Os princípios constitucionais consagrados no artigo 37, caput, da Carta Magna, são a principal fonte principiológica do direito administrativo, nele se encontrando expressamente os princípios da legalidade, moralidade, impessoalidade, publicidade e eficiência.

Outrossim, o princípio da legalidade surge com a evolução ao Estado de Direito, pois a partir daí houve a submissão do Estado aos ditames da lei e não mais a vontade do soberano. A Administração Pública não possui autonomia no sentido de tomar decisões alheias às dispostas na legislação elaborada pelo Parlamento.

Este princípio se traduz na máxima em que os particulares podem fazer tudo o que não é vedado por lei, enquanto as entidades públicas só podem agir em conformidade e de acordo com a lei. Nas palavras de Dirley da Cunha Júnior, a norma deve autorizar o agir e o não agir dos sujeitos da administração pública, pois ela é totalmente submissa a lei.

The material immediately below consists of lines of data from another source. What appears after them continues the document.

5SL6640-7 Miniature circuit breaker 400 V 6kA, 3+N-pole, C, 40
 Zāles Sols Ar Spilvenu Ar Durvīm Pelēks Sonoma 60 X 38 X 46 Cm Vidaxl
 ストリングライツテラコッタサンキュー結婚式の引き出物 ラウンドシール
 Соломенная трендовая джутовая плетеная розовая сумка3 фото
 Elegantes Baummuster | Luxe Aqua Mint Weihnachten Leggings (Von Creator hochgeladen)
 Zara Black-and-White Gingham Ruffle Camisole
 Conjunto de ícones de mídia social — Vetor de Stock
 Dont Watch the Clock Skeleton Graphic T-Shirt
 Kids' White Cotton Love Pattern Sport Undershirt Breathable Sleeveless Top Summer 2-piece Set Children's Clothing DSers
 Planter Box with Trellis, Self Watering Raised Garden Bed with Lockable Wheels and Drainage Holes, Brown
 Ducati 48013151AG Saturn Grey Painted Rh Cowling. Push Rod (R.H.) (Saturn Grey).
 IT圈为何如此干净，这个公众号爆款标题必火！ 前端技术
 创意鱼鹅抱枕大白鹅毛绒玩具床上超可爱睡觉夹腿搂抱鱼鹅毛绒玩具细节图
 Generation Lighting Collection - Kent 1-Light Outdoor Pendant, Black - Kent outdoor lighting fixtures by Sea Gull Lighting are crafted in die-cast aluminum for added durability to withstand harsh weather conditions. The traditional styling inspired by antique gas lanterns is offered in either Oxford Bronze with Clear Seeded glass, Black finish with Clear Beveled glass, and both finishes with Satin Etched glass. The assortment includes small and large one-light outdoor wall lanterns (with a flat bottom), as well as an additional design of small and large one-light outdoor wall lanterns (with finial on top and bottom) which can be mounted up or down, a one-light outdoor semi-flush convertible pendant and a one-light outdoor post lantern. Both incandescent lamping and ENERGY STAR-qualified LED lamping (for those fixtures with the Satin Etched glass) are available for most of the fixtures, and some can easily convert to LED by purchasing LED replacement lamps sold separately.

O professor Antônio Carlos Cintra do Amaral, citado por Guerra e Benacchio, discorre sobre o princípio da legalidade administrativa em contraposto com as regras do direito privado. Diz ele que a administração pública somente poderá disciplinar interesses ditados por lei a assim proceder, em face do princípio da legalidade administrativa, enquanto sobre os contratos plenamente de direito privado, as partes estão autorizadas a contratar tudo o que não for ilegal, por força do princípio da autonomia privada.

Por seu turno, a indisponibilidade do interesse público trata da impossibilidade de quem detêm a gestão dos bens e patrimônio públicos deles livremente dispor, pois são propriedades propriamente públicas, res públicas.

A indisponibilidade defende o interesse da coletividade, visando benefício e proteção de toda a sociedade, respeitando a finalidade a que foi destinado.

Por seu turno, os princípios da impessoalidade e moralidade apontam para uma atuação isonômica, transparente e ética da administração, visando somente o atendimento do interesse coletivo, de modo que a administração pública exerça suas funções de forma a não promover um ou outro servidor público, atuante em determinada função, ou mesmo um particular.

Por outro lado, o princípio da moralidade serve ainda como importante baliza para evitar abusos dos administradores, mesmo quando aparentemente respeitada a legalidade, conforme explica o mestre Ronny Charles Lopes de Torres:

Esse princípio se apresenta como um vetor fundamental das atividades do Poder Público, de forma que,verificada ofensa à moralidade, mesmo que uma conduta seja aparentemente compatível com a lei, deve ser invalidada. Tal compreensão está relacionada à mutação na noção clássica de legalidade para uma ideia de legitimidade, que, além do cumprimento das regras jurídicas, abarca também a moralidade e a finalidade pública.

Penúltimo princípio insculpido no caput do artigo 37 da Constituição Federal, a publicidade traz para os entes públicos a obrigação de informar seus administrados acerca das decisões, leis e demais enunciações que sejam de interesse coletivo, ressalvadas as informações que sejam indispensáveis a segurança da sociedade e do Estado (art. 5º, inciso XXXIII, da Lei Maior).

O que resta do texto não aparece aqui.